WHAT TO DO: Return exactly the span of lines in the following data that opens with the line containing "9 PUMA RS-Fast" and closes with the line containing "Tribal-Pfeile mit Federn". Include nothing else.

RECORDS TO PROCESS:
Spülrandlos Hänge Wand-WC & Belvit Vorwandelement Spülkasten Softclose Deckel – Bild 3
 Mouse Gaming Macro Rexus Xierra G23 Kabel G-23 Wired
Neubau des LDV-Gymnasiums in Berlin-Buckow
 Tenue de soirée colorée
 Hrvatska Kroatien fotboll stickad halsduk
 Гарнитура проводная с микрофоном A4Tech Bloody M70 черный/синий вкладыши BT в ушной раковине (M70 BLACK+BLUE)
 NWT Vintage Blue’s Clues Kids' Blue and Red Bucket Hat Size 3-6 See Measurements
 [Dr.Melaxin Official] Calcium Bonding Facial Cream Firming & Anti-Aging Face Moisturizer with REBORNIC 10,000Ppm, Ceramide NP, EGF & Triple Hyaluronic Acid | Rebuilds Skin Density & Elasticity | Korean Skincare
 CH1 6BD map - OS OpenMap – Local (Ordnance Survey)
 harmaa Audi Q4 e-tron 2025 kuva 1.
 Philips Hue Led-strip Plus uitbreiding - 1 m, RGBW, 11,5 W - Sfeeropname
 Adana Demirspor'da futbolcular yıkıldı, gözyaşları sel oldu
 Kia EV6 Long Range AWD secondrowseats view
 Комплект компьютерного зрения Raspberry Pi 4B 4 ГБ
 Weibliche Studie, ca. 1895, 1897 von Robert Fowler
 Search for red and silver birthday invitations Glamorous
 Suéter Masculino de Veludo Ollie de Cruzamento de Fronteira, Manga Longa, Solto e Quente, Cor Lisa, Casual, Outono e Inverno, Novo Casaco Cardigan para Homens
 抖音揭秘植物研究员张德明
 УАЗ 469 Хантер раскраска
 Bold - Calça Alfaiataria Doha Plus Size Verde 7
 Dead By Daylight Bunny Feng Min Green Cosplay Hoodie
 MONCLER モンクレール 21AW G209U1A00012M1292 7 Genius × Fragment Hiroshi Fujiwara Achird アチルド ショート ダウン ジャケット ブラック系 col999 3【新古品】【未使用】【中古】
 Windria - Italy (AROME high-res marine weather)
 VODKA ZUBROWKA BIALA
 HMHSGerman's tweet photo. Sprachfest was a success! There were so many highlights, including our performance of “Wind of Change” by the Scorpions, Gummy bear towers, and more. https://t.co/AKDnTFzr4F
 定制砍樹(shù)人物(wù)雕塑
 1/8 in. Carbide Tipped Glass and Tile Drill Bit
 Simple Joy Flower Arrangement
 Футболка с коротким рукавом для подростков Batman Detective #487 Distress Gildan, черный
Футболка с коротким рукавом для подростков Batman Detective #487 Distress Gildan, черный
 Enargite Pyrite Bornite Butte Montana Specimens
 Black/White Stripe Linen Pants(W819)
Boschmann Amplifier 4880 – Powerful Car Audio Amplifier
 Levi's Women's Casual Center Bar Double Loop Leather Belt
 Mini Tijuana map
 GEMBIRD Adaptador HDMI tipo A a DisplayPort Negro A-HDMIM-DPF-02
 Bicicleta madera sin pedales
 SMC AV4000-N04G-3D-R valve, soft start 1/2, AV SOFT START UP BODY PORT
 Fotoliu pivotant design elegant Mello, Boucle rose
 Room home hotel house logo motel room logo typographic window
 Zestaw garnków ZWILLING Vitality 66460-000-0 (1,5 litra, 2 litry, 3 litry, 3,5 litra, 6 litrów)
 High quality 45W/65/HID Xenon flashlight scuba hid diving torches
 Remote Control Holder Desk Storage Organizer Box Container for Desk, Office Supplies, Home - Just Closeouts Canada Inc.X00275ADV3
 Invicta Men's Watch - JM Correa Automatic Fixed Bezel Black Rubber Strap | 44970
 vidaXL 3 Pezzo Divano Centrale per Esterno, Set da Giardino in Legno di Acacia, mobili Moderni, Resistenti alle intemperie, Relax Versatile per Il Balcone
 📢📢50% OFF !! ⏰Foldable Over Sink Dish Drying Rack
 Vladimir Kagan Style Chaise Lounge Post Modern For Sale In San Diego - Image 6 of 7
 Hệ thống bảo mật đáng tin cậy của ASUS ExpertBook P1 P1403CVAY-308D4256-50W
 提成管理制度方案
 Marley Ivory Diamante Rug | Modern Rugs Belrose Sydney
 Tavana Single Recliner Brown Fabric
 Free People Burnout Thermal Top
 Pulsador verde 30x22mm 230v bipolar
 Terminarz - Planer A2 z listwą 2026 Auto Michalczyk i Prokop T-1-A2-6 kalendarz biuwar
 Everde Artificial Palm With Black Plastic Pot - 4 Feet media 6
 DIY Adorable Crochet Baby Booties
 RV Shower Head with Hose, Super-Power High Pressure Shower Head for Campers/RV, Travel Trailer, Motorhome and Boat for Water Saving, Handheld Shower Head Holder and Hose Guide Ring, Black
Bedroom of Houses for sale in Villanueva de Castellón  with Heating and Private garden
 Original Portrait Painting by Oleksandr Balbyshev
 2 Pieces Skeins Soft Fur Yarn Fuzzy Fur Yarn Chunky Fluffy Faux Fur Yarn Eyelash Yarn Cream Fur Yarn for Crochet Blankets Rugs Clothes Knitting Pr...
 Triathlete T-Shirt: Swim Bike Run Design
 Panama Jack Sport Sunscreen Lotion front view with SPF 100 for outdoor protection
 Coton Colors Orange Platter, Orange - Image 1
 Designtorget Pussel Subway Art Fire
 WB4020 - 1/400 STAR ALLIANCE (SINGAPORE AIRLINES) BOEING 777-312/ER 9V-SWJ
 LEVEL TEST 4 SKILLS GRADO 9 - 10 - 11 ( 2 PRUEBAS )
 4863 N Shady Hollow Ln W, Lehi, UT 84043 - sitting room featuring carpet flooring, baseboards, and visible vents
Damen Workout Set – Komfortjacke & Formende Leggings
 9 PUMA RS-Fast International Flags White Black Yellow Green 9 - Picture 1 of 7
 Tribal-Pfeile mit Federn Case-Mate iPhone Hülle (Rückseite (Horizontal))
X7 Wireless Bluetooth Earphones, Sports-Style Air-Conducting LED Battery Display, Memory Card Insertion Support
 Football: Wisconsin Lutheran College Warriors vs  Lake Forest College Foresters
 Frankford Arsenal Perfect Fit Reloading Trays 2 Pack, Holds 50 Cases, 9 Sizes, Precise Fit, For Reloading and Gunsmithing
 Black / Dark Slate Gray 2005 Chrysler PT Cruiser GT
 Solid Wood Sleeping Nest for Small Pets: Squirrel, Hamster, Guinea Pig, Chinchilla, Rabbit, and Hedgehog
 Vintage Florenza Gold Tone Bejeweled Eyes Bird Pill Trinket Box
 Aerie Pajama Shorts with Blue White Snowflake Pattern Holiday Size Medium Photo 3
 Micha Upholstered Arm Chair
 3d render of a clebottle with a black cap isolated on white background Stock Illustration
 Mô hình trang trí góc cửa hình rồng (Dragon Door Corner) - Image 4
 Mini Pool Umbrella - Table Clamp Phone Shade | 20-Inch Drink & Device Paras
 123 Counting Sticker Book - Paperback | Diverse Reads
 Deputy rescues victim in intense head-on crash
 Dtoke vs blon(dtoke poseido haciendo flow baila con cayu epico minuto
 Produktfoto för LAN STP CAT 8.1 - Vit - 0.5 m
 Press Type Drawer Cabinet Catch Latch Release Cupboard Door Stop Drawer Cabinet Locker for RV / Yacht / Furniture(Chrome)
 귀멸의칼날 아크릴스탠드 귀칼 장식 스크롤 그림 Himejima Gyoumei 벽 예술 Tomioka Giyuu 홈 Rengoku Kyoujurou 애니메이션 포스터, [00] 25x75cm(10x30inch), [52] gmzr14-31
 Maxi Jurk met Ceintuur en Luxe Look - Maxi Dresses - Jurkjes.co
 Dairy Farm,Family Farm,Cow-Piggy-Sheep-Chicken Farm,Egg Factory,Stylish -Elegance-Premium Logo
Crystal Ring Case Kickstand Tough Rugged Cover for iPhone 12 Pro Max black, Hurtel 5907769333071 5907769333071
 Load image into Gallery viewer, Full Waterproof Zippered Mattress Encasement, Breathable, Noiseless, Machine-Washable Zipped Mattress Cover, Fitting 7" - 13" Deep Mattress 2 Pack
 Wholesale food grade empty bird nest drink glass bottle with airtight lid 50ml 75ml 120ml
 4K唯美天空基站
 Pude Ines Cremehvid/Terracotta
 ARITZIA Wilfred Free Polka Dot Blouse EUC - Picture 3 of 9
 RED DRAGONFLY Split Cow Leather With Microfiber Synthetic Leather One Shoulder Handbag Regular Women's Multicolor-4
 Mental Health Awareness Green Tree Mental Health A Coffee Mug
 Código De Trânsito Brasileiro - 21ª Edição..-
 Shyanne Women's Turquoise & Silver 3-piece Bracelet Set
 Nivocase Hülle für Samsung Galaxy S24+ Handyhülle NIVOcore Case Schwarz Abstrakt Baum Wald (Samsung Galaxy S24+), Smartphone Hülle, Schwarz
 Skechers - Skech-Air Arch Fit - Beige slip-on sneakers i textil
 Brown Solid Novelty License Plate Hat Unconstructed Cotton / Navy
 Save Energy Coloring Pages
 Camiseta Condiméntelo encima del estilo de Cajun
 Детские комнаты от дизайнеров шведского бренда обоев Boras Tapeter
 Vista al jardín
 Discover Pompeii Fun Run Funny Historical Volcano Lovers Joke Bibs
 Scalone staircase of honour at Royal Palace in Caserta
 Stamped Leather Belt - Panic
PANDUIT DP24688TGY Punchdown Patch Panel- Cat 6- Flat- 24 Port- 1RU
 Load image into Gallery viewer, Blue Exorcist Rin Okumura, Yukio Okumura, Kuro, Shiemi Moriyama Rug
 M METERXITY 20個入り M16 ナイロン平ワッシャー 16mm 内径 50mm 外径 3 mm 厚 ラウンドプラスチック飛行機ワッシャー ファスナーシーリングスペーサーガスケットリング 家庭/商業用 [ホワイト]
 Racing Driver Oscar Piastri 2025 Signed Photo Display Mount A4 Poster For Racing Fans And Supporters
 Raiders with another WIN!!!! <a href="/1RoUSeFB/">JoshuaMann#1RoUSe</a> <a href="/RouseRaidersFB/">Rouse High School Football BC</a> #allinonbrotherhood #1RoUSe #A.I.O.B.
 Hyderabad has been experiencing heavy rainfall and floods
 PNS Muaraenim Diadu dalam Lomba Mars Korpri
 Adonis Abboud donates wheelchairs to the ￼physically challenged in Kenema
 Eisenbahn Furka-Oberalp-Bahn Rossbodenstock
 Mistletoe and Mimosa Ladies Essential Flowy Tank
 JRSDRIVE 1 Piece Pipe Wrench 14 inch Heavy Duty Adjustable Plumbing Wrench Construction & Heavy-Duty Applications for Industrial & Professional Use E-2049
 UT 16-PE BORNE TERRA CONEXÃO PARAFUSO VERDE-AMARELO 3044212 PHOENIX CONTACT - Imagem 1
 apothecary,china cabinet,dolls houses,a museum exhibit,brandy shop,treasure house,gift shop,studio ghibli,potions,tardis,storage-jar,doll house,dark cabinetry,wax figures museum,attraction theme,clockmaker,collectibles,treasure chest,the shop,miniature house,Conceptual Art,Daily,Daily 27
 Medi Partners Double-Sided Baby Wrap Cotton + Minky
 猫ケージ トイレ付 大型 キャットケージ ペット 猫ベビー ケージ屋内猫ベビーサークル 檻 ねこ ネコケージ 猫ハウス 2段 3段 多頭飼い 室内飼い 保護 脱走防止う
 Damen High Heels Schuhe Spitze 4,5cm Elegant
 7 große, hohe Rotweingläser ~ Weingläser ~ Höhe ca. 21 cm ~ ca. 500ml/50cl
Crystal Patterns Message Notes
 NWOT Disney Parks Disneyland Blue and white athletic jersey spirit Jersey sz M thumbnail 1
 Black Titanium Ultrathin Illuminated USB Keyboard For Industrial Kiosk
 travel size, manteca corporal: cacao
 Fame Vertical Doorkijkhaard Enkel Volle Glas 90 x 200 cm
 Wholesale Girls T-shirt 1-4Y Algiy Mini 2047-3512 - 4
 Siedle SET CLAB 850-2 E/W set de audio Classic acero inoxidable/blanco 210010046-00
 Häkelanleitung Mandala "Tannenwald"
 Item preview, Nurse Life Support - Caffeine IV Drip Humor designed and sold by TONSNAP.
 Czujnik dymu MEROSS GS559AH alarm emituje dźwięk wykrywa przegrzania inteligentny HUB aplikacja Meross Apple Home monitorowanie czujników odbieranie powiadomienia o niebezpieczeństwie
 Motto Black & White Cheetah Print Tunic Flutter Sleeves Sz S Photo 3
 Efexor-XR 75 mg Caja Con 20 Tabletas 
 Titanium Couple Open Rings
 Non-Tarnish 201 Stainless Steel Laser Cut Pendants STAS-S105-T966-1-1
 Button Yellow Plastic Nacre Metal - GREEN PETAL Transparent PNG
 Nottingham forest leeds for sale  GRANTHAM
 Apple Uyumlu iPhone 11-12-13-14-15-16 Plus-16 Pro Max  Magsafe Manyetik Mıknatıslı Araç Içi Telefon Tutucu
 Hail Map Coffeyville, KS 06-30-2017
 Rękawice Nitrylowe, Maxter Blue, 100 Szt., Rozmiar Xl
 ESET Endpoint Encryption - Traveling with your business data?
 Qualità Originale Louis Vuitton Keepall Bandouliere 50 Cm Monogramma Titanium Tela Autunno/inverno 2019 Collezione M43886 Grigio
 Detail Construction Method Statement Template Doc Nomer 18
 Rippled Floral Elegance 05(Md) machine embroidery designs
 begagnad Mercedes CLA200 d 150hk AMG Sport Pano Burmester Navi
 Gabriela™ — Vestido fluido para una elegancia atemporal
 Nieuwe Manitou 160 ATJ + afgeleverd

OUTPUT:
 9 PUMA RS-Fast International Flags White Black Yellow Green 9 - Picture 1 of 7
 Tribal-Pfeile mit Federn Case-Mate iPhone Hülle (Rückseite (Horizontal))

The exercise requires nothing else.